Answer                                                Disposition

1. I’m not a racist.                               Cross out this one (see above, # 1, 2, and 3)

2. Whites are the majority.                  Cross out this one (see #1)

3. I’m not Black.                                 Cross out this one (see #1)

“Thus, this person would receive a score of zero, meaning that he or she could not think of any positive consequences of being White. I have encountered few Whites who score higher than 1 on this exercise, and most score zero. So, if you scored higher than 1, then you are probably more advanced with respect to White identify development than your White counterparts.”


June 2012

Living Our Testimony on Equality: A White Friend’s Experience is a recent Pendle Hill pamphlet (December 2011). The author is one of BYM’s own – Pat Schenck of Annapolis Friends Meeting. The following passages provide a glimpse. This is from p. 5:

“… white Friends will ask, ‘What does this have to do with me? I’m not prejudiced!’ But racism has a number of aspects: the prejudice that may exist in individual people’s thoughts and actions is one aspect; institutional racism, such as who gets the best schools, health care, and jobs, in another; and cultural racism, the fact, for example, that history is generally written and taught from a European American perspective, is a third. As individuals, we have little control over institutional and cultural racism, but we benefit by it. Life is just easier if you are white, all other things being the same, and that is not fair. But a white person may not be aware of his or her advantage.”

And from p. 29: “Remember, being anti-racist does not mean being totally free of prejudice; it means committing to recognizing prejudice in ourselves and racism in society and then doing something about it.”


Summer 2012

“Race obliviousness” – Excerpt from Racial Healing: Confronting the Fear Between Blacks & Whites, Harlon L. Dalton, 1995, pp 109-110.

“Why do most White people not see themselves as having a race? In part, race obliviousness is the natural consequence of being in the driver’s seat. ….

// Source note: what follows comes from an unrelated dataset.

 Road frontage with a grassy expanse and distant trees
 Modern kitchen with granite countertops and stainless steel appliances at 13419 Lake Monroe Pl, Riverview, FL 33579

“Whatever the reason, the inability or unwillingness of many White people to think of themselves in racial terms has decidedly negative consequences. For one thing, it produces huge blind spots. It leaves them baffled by the amount of energy many Blacks pour into questions of racial identity. …. It blinds Whites to the fact that their lives are shaped by race just as much as are the lives of people of color. How they view life’s possibilities; whom they regard as heroes; the extent to which they feel the country is theirs; the extent to which that belief is echoed back to them; all this and more is in part a function of their race.

“This obliviousness also makes it difficult for many Whites to comprehend why Blacks interact with them on the basis of past dealings with other Whites, and why Blacks sometimes expect them to make up for the sins of their fathers, and of their neighbors as well. Curiously enough, many of the same folk wouldn’t think twice about responding to young Black males as a type rather than as individuals.”


September 2012

from Open City: A Novel by Teju Cole, 2012, p, 251-252. Here, the narrator is attending a concert at Carnegie Hall.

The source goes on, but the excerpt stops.